Urschel Returns Home 

Urschel arrived home exhausted at about 11:30 p.m., July 31, stating that he had been able to sleep but very little during the nine days he had been held in captivity.

As soon as he recovered from the shock and regained his strength, he was interviewed by FBI special agents. A detailed statement was obtained including every movement and action taken by himself, the kidnappers, and those with whom they came in contact during his period of captivity.

Urschel’s statement concerning the kidnapping and transactions that occurred immediately thereafter was substantially the same as Jarrett’s recollection. Urschel stated that immediately after Jarrett’s release one of the men produced some cotton, a short bandage, and adhesive tape, and he was blind-folded.

Approximately one hour after being blindfolded, the car passed through either two small oil fields or the end of two large fields approximately 30 minutes driving time apart. He could smell the gas and hear the oil pumps working. The first stop was made about 3:30 a.m., when he was taken from the car into the brush by one of the abductors, while the other man was gone approximately 15 minutes after gasoline.

About one hour later, a stop was made to open a gate, and approximately three minutes later, another stop was made and another gate opened. Within a minute after the last gate, the car drove into what he took to be a garage. In this building, the men, from their movements and actions, transferred license plates from the Chevrolet sedan to a larger car, which Urschel believed to be a seven-passenger Cadillac or Buick. A berth had been made up in the back of this car and he was told to lie on this bunk. They left this place immediately and after a drive of two or three hours, a stop was made at a filling station, where a woman attendant filled the car with gas. Urschel overheard one of the men asking the woman about crop conditions and she replied that, “The crops around here are burned up, although we may make some broom corn.”

Mugshot of George "Machine Gun" Kelly (real name George Barnes), gangster and kidnapper who reportedly said "Don't shoot, G-men" when arrested in Memphis in 1933.

George "Machine Gun" Kelly

Urschel stated that about 9 or 10 a.m., it rained and the road became very slippery, to the extent that on one occasion one of the men was compelled to alight and push the car.
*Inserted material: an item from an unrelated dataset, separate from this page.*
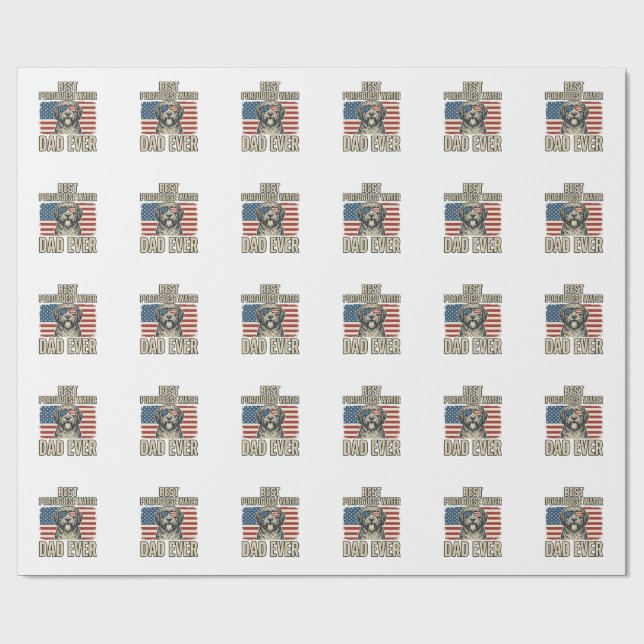 Portugisisk Vattenhund Pappa Patriotisk Vintage Presentpapper (Platt)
In his opinion, at no time on this trip did they drive on pavement. At the next stop, the car was driven directly into what he considered a garage, and at this point, he asked one of the men the time and he replied that it was 2:30 p.m. They remained in this building until dark, when he was taken outside. They passed through a narrow gate and proceeded on a boardwalk. He was led into a house and into a room where he was told there were two beds. The bed he occupied was apparently an iron cot and one of them occupied the other. Shortly after entering this house, he heard the voices of a man and woman in an adjoining room. He stated that his ears were filled with cotton and adhesive tape was placed over them.

Urschel stated that he stayed in this house until the next day—July 24—when he was taken in an automobile by the two men to a house about 15 minutes driving distance. While in the first house, he ate from a small table and he heard barnyard animals outside.

Upon entering the second house, he was led into a room where he was told to lie upon some blankets in a corner of the room. He also heard voices of a man and a woman in the adjoining room which did not resemble the voice of either of the two men who abducted him. Shortly thereafter, this man and woman left the place.

Urschel stated that on the first night, at the second house, a handcuff was placed on one of his wrists and attached to a chair. Next morning, the two men brought up the matter of a contact. They asked Urschel if he had a friend in Tulsa, Oklahoma, who could be trusted, and he suggested the name of John G. Catlett. The men instructed him to write a letter to Catlett and he did.

In addition to the two men who kidnapped him, Urschel was guarded by an old man and a younger man. Urschel stated that, during the time he was held in captivity, one of his two kidnappers discussed freely with him the fact that the had been stealing for 25 years, mentioning Bonnie and Clyde, referring to them as, “Just a couple of cheap filling station and car thieves,” and stating that his group did not deal in anything cheap. He also freely discussed a number of bank robberies, advising that he and his friend had been invited to participate in a bank robbery at Clinton, Iowa, but after making a survey of the place, they did not take part in the robbery because the chances of making a “get-away” were unfavorable.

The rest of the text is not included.